Fatigue is usually the first sign of anemia, but it’s not just that sluggish feeling you get from burning the midnight oil or stress. It’s a different kind of fatigue – people will complain about being bone tired. So if you’re exhausted 24/7, can’t seem to make it past dinner and it’s affecting your quality of life, see your doctor.


One of the best ways to tell if you’re anemic is to look at the mucous membranes of your eyes, also commonly referred to as the water line above your lower lashes. This is a vascular area so if it’s pale, it’s a good sign that you’re not getting enough red blood cells to other areas of your body either. Your face, the palms of your hands and under your nail beds may also look pale.

Shortness of breath

If you feel like you can’t catch your breath, especially during exercise, while climbing the stairs or when you’re lifting something, it’s a good sign that your body isn’t getting the oxygen it needs. Feeling faint, lightheaded and dizzy are common too.

Heart palpitations

If your heart is racing, you’re having palpitations or hear a whooshing sound in your ears when you lie down, it could mean that your heart is in overdrive. You’re pumping faster to try to get more oxygen. What’s more, an irregular heartbeat or heart murmur are more pronounced when you’re anemic.


A racing heart can make anyone feel anxious, but if anxiety is new for you, has intensified or there seems to be no other reason for it, it could be a sign that you’re anemic.

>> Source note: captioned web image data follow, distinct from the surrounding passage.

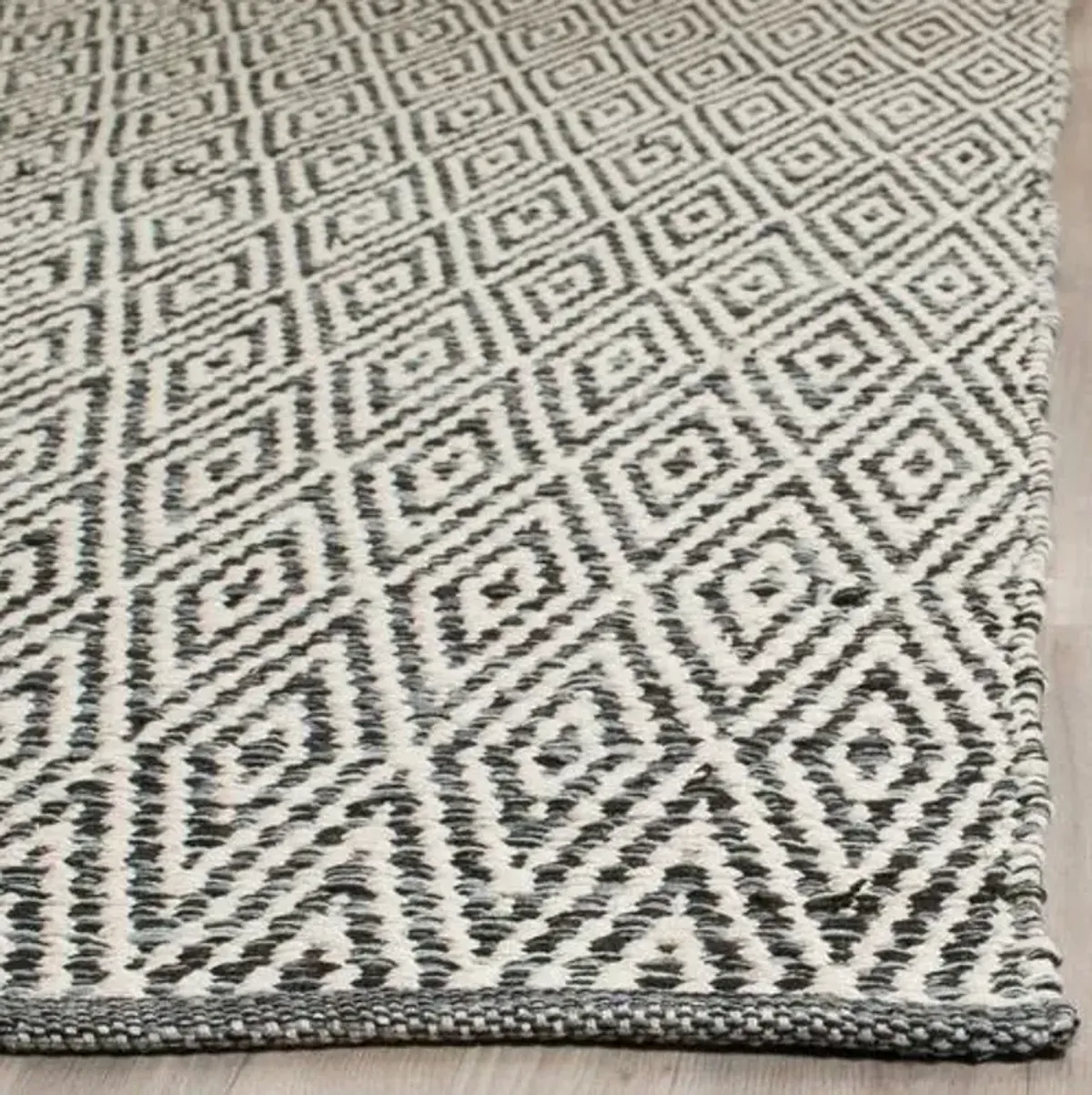 Milligan Rug - Ivory/Dark Gray - Gray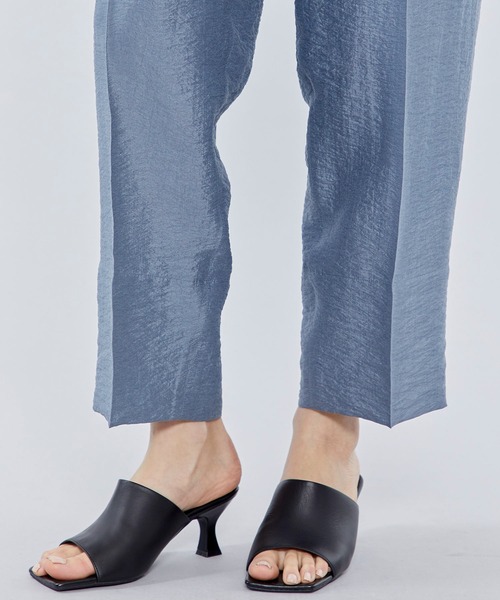rito structure(リトストラクチャー)の「【rito structure/リトストラクチャー】BACK GATHERED SILK PANTS/バックギャザーシルクパンツ(その他パンツ・レディース・ブルー・1)」の9枚目の写真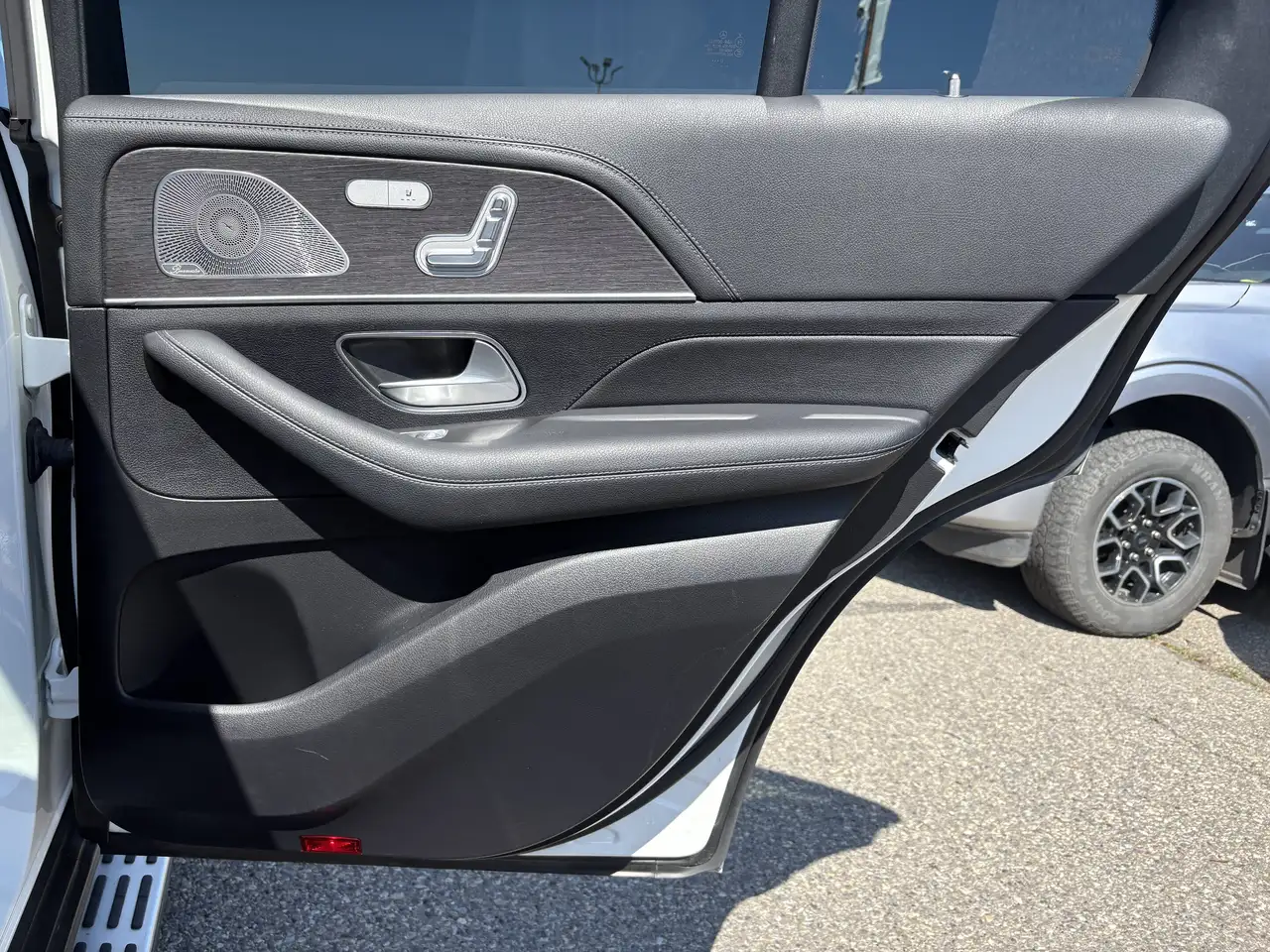 Mercedes-Benz GLE - Image 31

Since your body will pull blood from your extremities to feed the places it needs to, you might have a numb or tingling feeling in your hands and feet or you may feel cold all the time.

Strange cravings

Some people with an iron-deficiency anemia crave and have a habit of chewing ice. It’s not clear why, but a study in the journal Medical Hypotheses suggests that it may give a boost in mental sharpness the same way a cup of coffee does. Some people may even have cravings for paper and clay too.

Brain fog

If you’re having trouble concentrating, remembering things or don’t feel as sharp as you did in the past, it might not just be age, but a lack of iron.


Tension headaches and migraines are common, but if you notice you’re having headaches more often or nothing you do seems to alleviate the pain, see your doctor.

Restless leg syndrome

It’s estimated that up to 10 per cent of people have restless leg syndrome, a neurological disorder that can cause uncomfortable sensations in the legs and other parts of the body and an uncontrollable urge to constantly move. Although the association is not well understood, about 15 per cent of people with the condition also have iron deficiency.

Hair loss

According to the American Academy of Dermatology, 80 million men and women experience hereditary hair loss, or what’s known as male pattern baldness. If you notice more hair in your brush or your hair is thinning, it might be that you’re anemic. It could also be a vitamin deficiency or a hormonal condition like hypothyroidism so bring it up to your doctor.


You can reduce your risk of iron deficiency anemia by choosing iron-rich foods.

Foods rich in iron include:

• Red meat and poultry

• Seafood

• Beans

• Dark green leafy vegetables, such as spinach

• Dried fruit, such as raisins and apricots

• Iron-fortified cereals, breads and pastas

• Peas

Your body absorbs more iron from meat than it does from other sources. If you choose to not eat meat, you may need to increase your intake of iron-rich, plant-based foods to absorb the same amount of iron as does someone who eats meat.